Robert M.T. Wilson v. Thomas Turnage, Acting Director, Selective Service System

750 F.2d 1086, 243 U.S. App. D.C. 10, 1984 U.S. App. LEXIS 15598
CourtCourt of Appeals for the D.C. Circuit
DecidedDecember 28, 1984
Docket83-2323
StatusPublished
Cited by17 cases

This text of 750 F.2d 1086 (Robert M.T. Wilson v. Thomas Turnage, Acting Director, Selective Service System) is published on Counsel Stack Legal Research, covering Court of Appeals for the D.C. Circuit primary law. Counsel Stack provides free access to over 12 million legal documents including statutes, case law, regulations, and constitutions.

Bluebook
Robert M.T. Wilson v. Thomas Turnage, Acting Director, Selective Service System, 750 F.2d 1086, 243 U.S. App. D.C. 10, 1984 U.S. App. LEXIS 15598 (D.C. Cir. 1984).

Opinion

Opinion for the court filed by Circuit Judge TAMM.

TAMM, Circuit Judge:

Appellant Robert M.T. Wilson challenges the district court’s denial of attorney’s fees under the Back Pay Act, 5 U.S.C. § 5596 (1982). In a memorandum opinion and order issued October 26, 1983, the district court held that the Savings Clause of the Civil Service Reform Act of 1978 (Reform Act) precluded an award of fees. Although the Reform Act amended the Back Pay Act to provide for awards of attorney’s fees in cases of unjustified personnel actions taken against federal employees, the Savings Clause makes the new law inapplicable to “administrative proceedings” pending as of January 11, 1979. Wilson contends that the district court erred in its finding that a November 28, 1978 letter from appellee Selective Service System directing him to undergo a psychiatric examination and placing him on sick leave status pending the results constituted an “administrative proceeding” for purposes of the Savings Clause. Because we find that the November 28 directive constituted a “personnel action” and not an “administrative proceeding,” we reverse the decision of the district court and remand for a determination of the amount of attorney’s fees owed appellant pursuant to 5 U.S.C. § 5596(b)(1)(A)(ii).

I. Background

Appellant Robert M.T. Wilson worked for the Selective Service System as an Op *1088 erations Evaluation Specialist responsible for analyzing the agency’s ability to mobilize in the event of a national emergency.

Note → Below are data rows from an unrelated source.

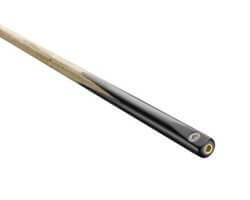 Queue de billard Peradon Comet 3/4 P1480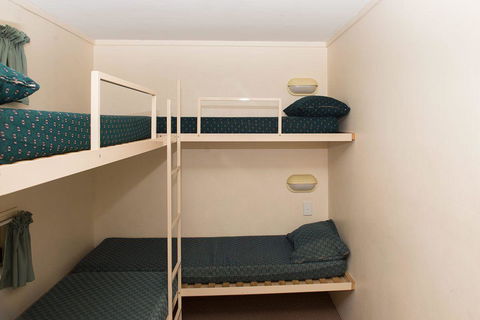Kalganyi Holiday Park - Accommodation Port Macquarie 26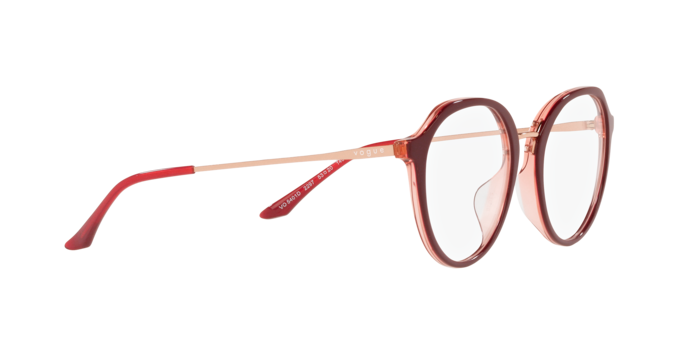 Vogue Eyeglasses VO5401D 2297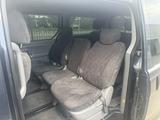Hyundai Starex 2015 года за 10 499 000 тг. в Костанай – фото 5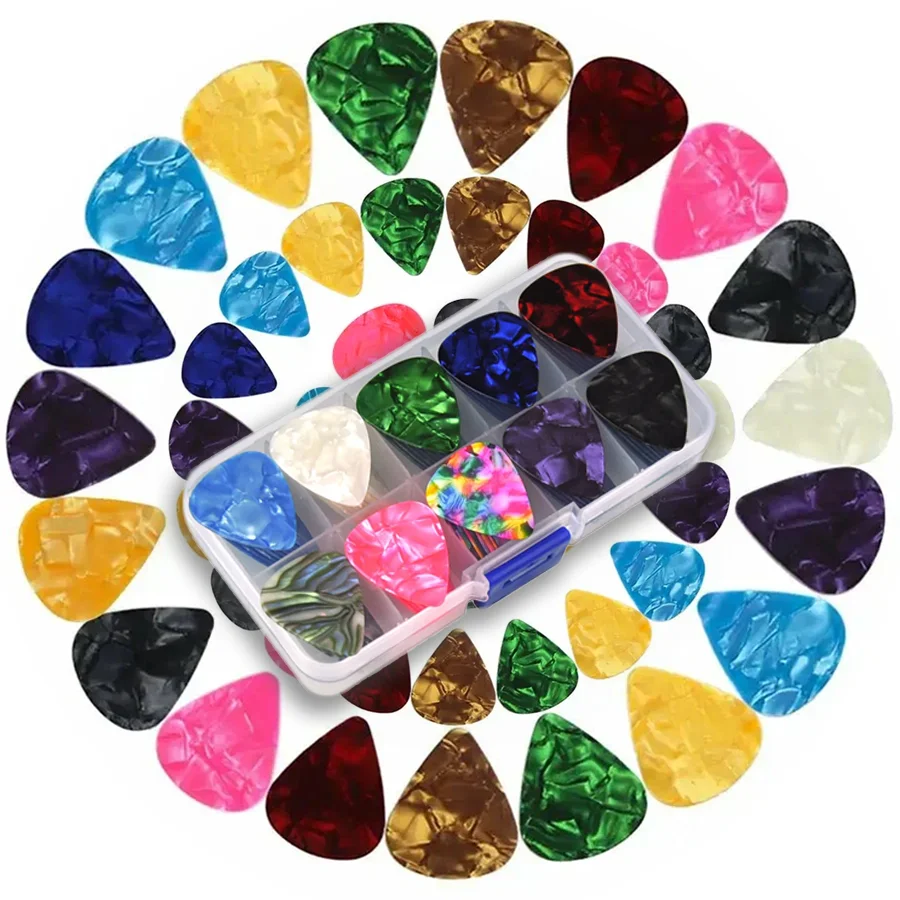 12/28/50Pcs Boxed G…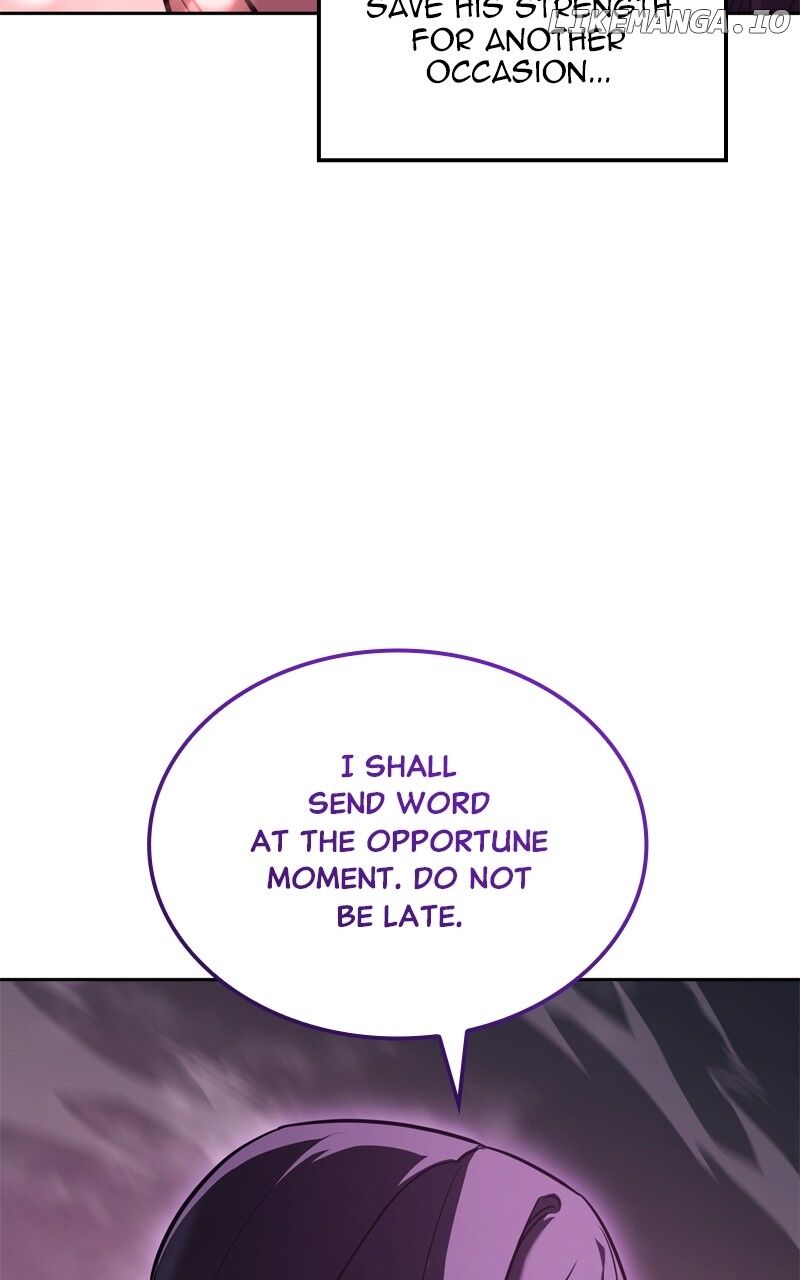 I Reincarnated As The Crazed Heir Chapter 141 Page 221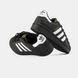 Adidas Superstar #art1183-732729 фото 6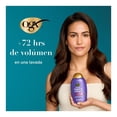 thumbnail image 2 of Acondicionador Ogx biotina y colágeno 385 ml, 2 of 4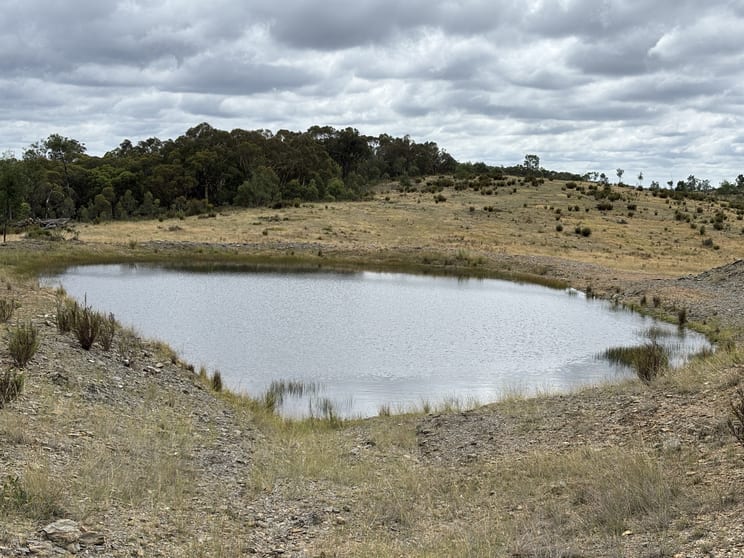 1016 Ullamalla Road Mudgee NSW 2850 - Image 2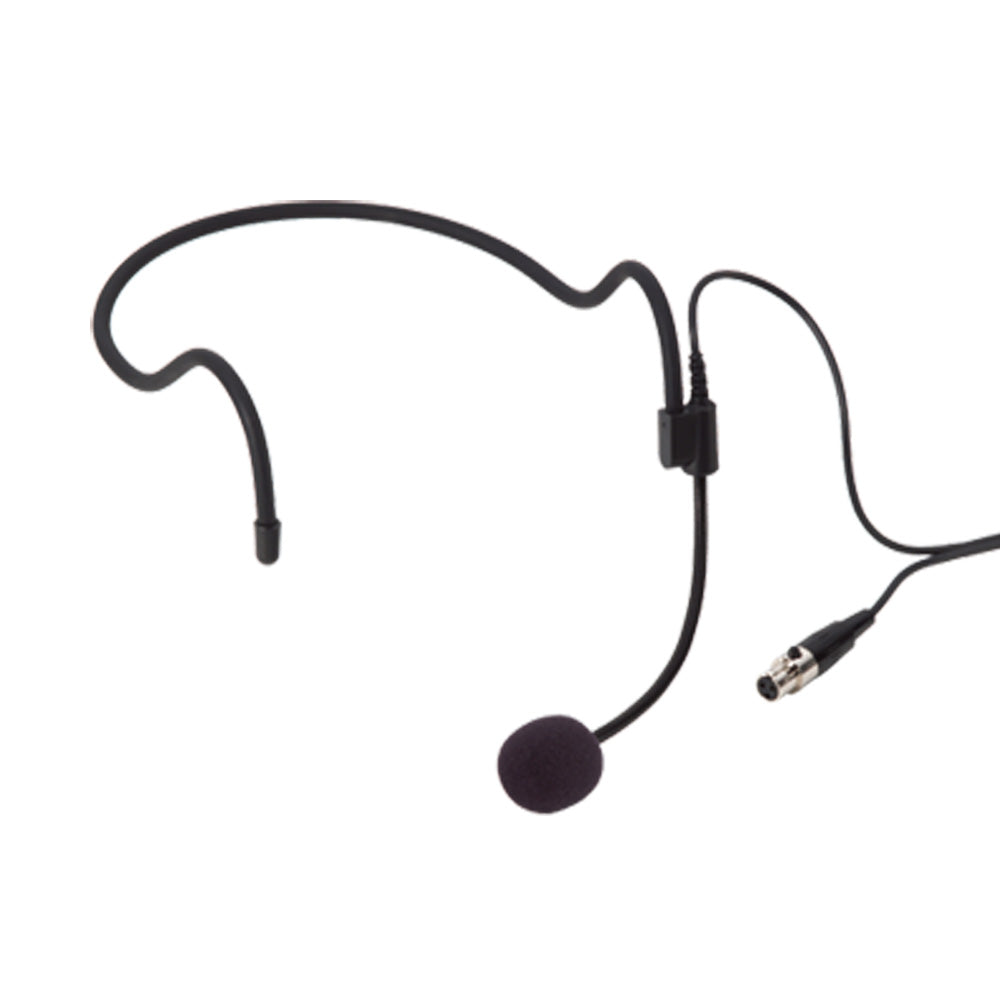 LD Systems Roadman 102 Headset Kannettava Aktiivikaiutin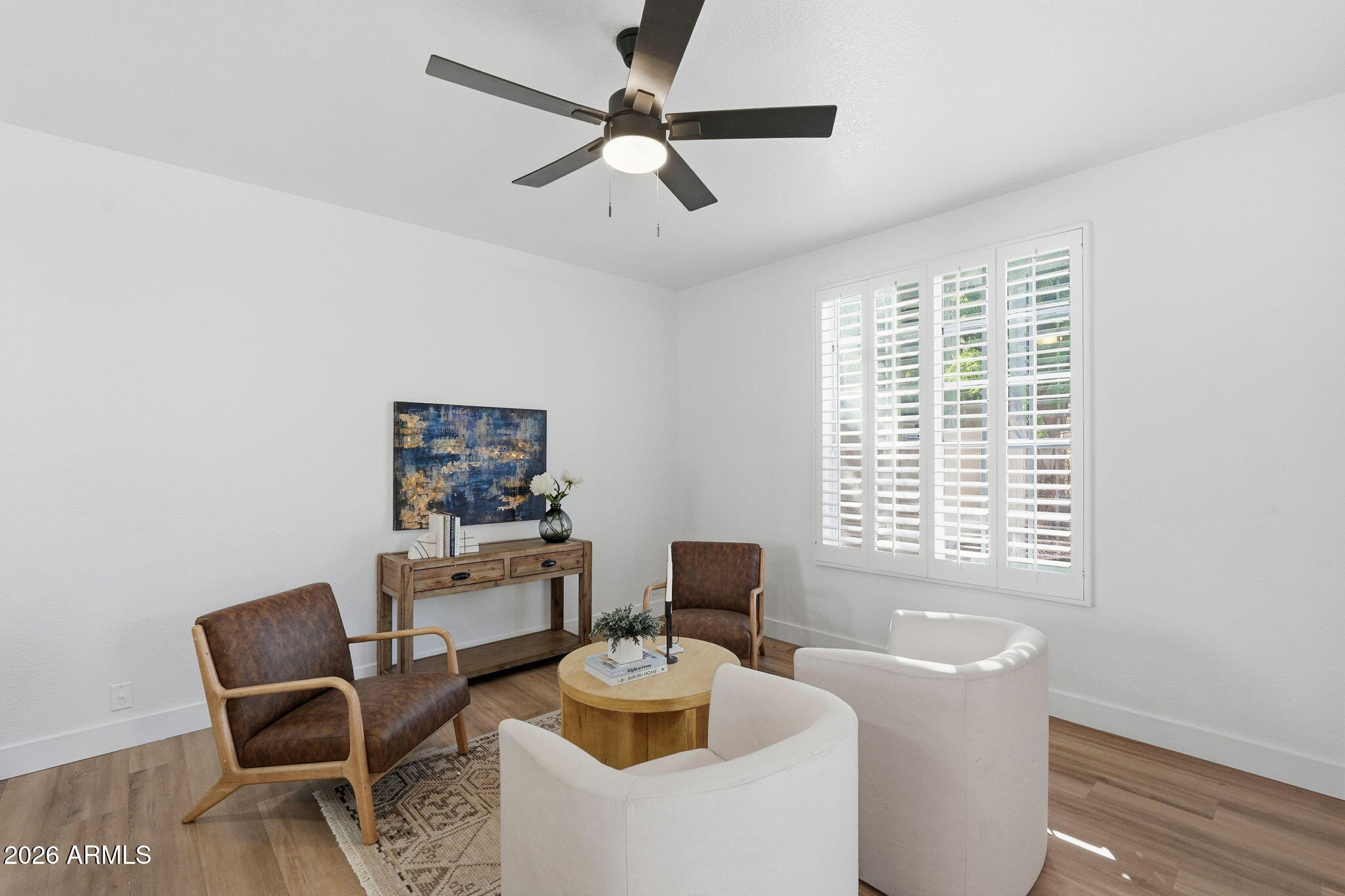 16008 North 4th Avenue Phoenix, AZ 85023 - Photo 10 of 48 010_ListerPros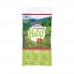 Bunny Nature Fresh Grass Hay Χόρτο με Κυνόροδο 500gr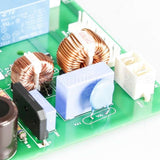 EBR41956440 LG Pcb Assembly,Main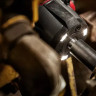 Гайковерт Milwaukee M18 FMTIW2F12-0X 4933478449 (без АКБ, кейс)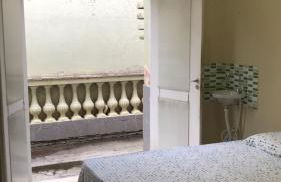 Bela Vista - Photo 54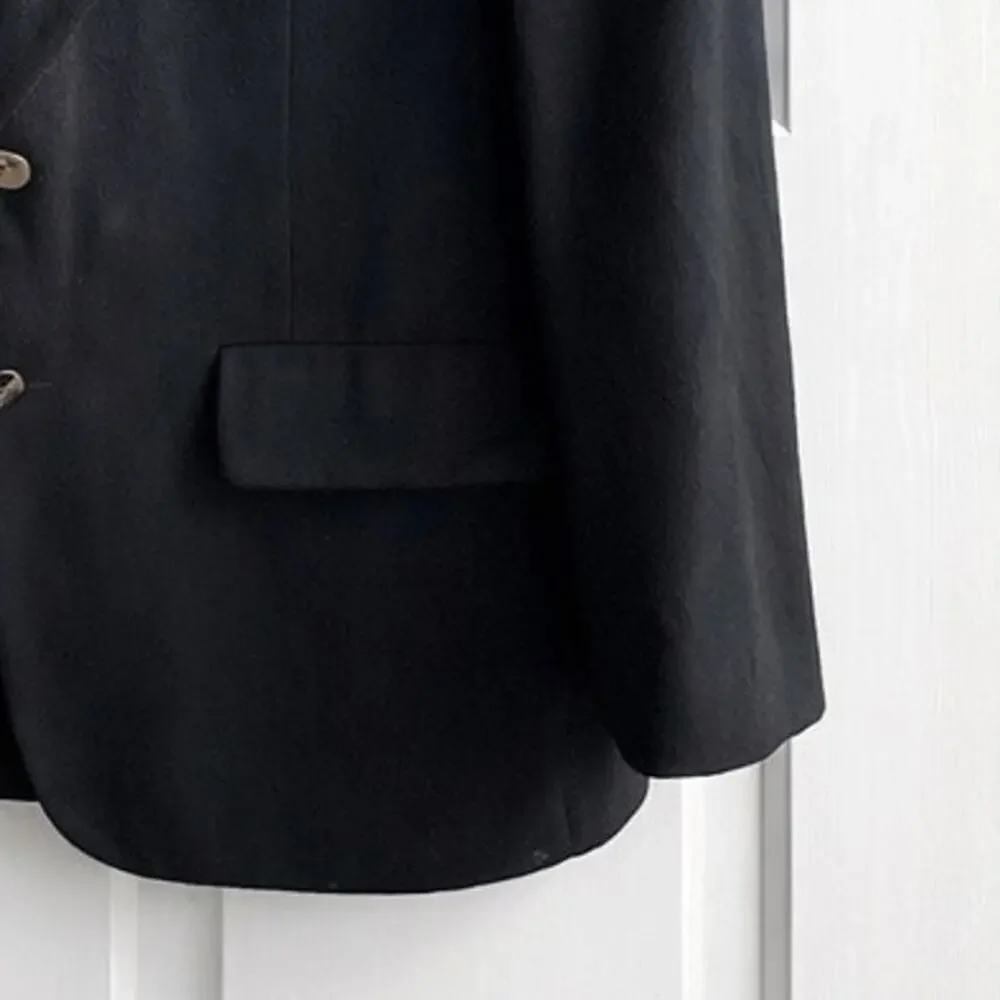 Bloomingdales classic luxury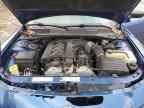 2009 DODGE CHARGER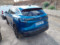 preview Renault Austral #1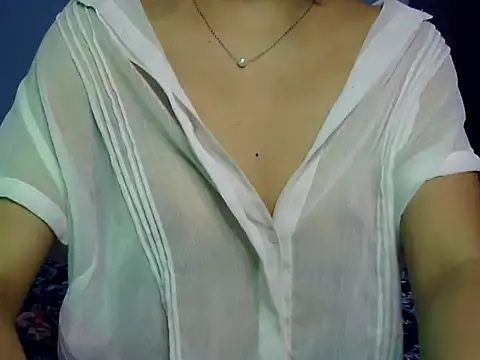Awesome-sona webcam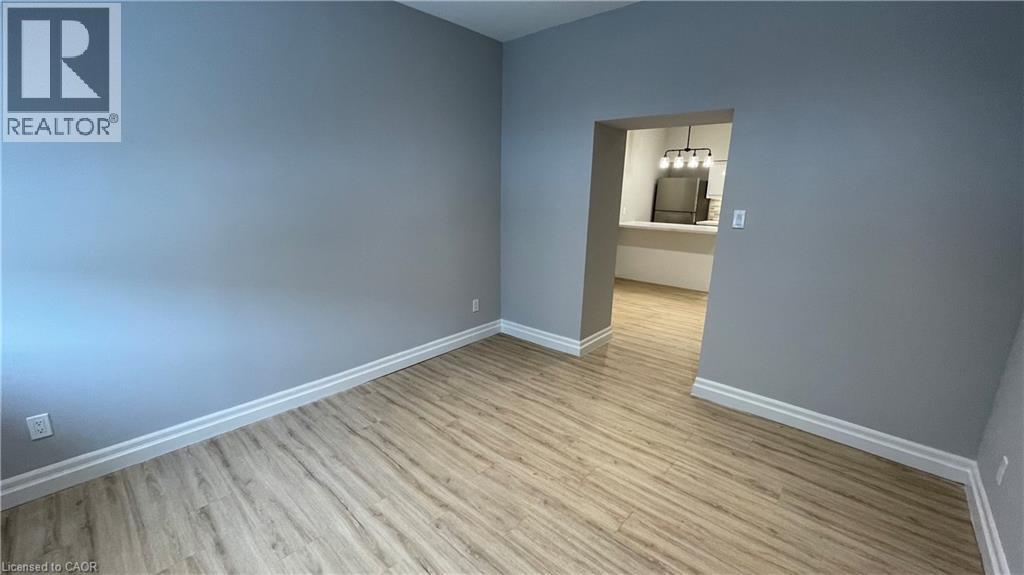 69 East Main Street Unit# 104, Welland, Ontario  L3B 3W4 - Photo 5 - 40819764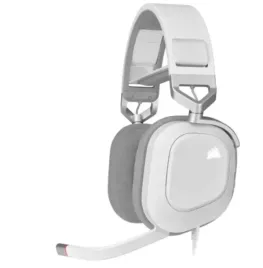 sluchawki-gamingowe-corsair-hs80-rgb-dolby-audio-7-1-usb-z-mikrofonem
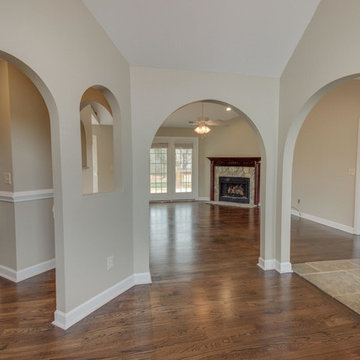 Total Remodel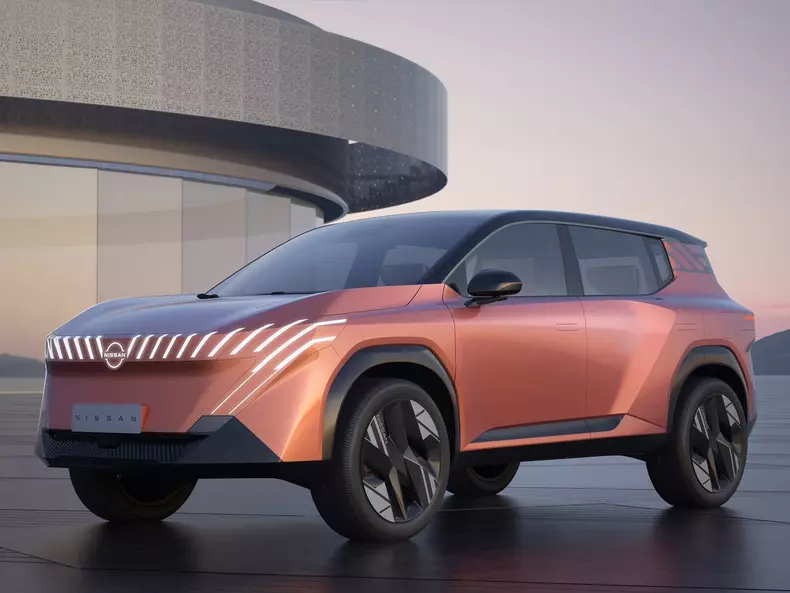 Nissan-Epic_Concept-2024-1600-01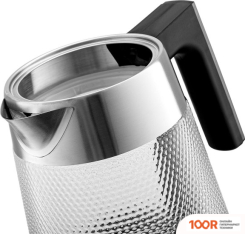 Brayer BR1079 (323718)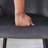 Counter Height Bar Stool-1343976797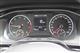 Billede af VW Polo 1,0 TSI Highline DSG 115HK 5d 7g Aut.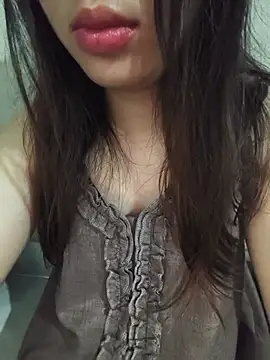 Dorea-mon online show from July 2026 10:46:01 PM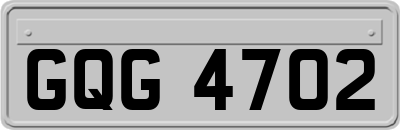 GQG4702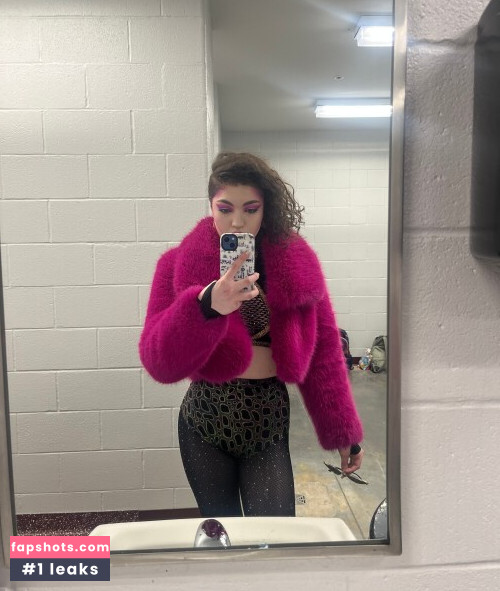 Women of Professional Wrestling gallery photo #2227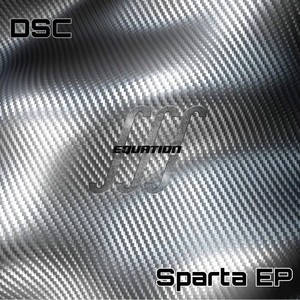 Sparta (Original Mix)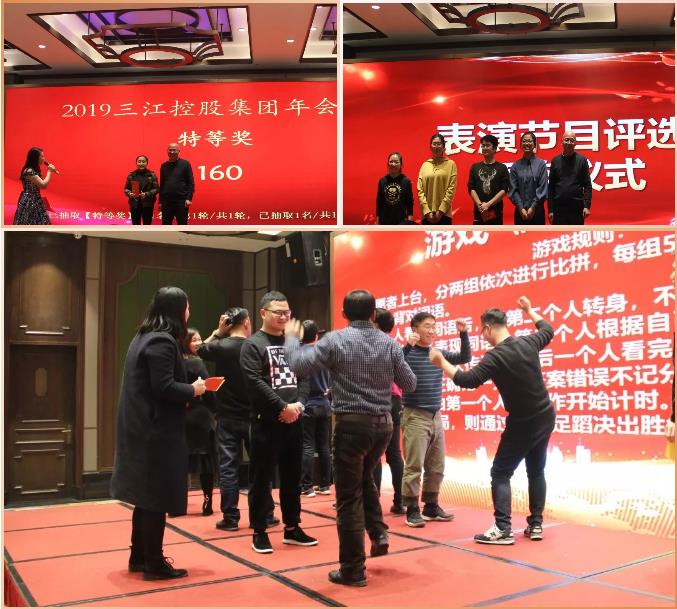 1554363574136636.jpg 1.jpg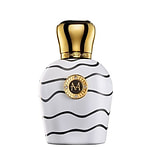 Moresque White Duke Moresque White Duke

In the course of his work, Wilson became concerned that his agency was unable to meet the statutory preparedness requirements prescribed by section 10(h) of the Military Selective Service Act, 50 U.S.C.App. § 460(h) (1982). After his superiors ignored his attempts to bring this problem to their attention, Wilson in November 1978 delivered to the White House Secret Service detail a letter and supporting documents criticizing the agency’s lack of military preparedness. Wilson requested that the materials be given to President Carter, but the Secret Service instead returned the letter and documents to the Selective Service.

On November 28, 1978, the Selective Service sent Wilson a letter directing him to submit to a psychiatric fitness-for-duty examination and placing him on sick leave status pending receipt of the psychiatric report. 1 The letter stated that the agency was requiring the examination “based upon a study of your recent communications addressed to the President.” Joint Appendix (J.A.) at 32.

In February 1979, Wilson filed an administrative appeal with the Merit Systems Protection Board (the Board or MSPB). The Board, however, held that it had no jurisdiction to hear the appeal because Wilson’s leave was not a suspension or action imposed for disciplinary reasons.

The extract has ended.